START DATA TO PROCESS

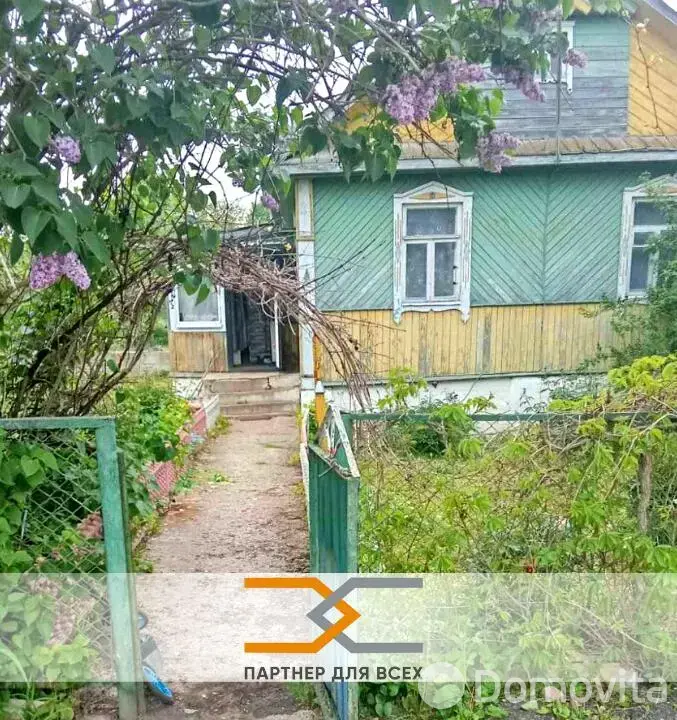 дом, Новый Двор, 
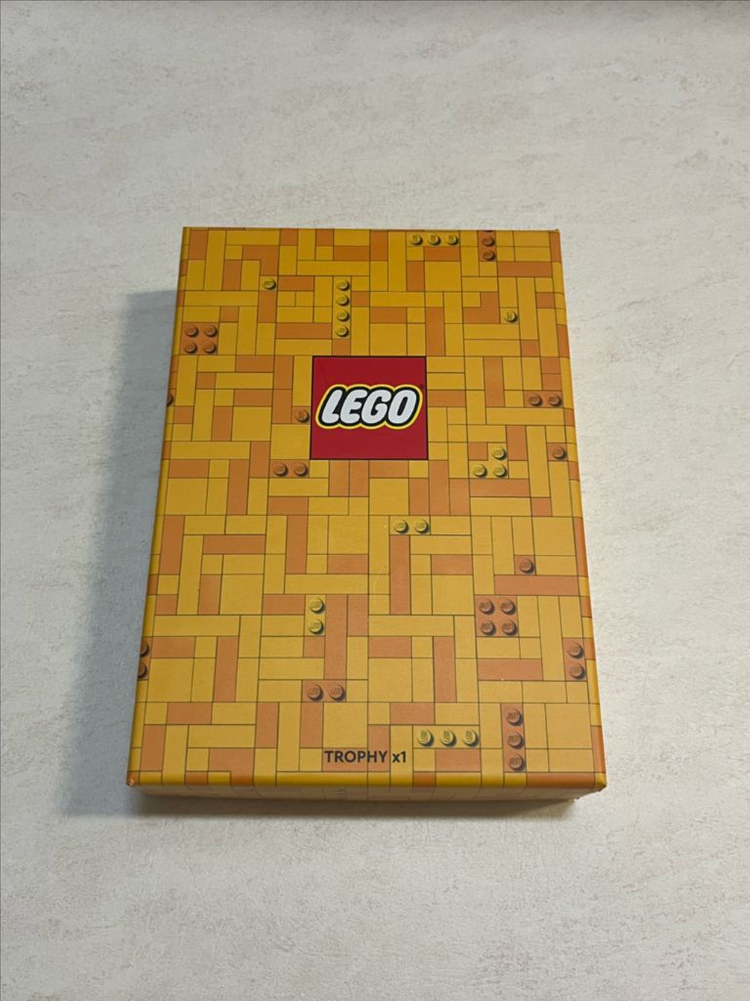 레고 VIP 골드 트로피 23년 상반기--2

END DATA TO PROCESS
START DATA TO PROCESS

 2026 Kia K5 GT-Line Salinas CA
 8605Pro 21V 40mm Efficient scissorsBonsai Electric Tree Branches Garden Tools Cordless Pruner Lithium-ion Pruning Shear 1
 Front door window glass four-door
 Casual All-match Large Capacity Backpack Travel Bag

END DATA TO PROCESS

| TASK DETAILS |
Would you copy, unchanged, the stretch of the records above that begins at the line containing "Front door window glass four-door" and ends at the line containing "Casual All-match Large", and only that?

| OUTPUT OF THE TASK |
 Front door window glass four-door
 Casual All-match Large Capacity Backpack Travel Bag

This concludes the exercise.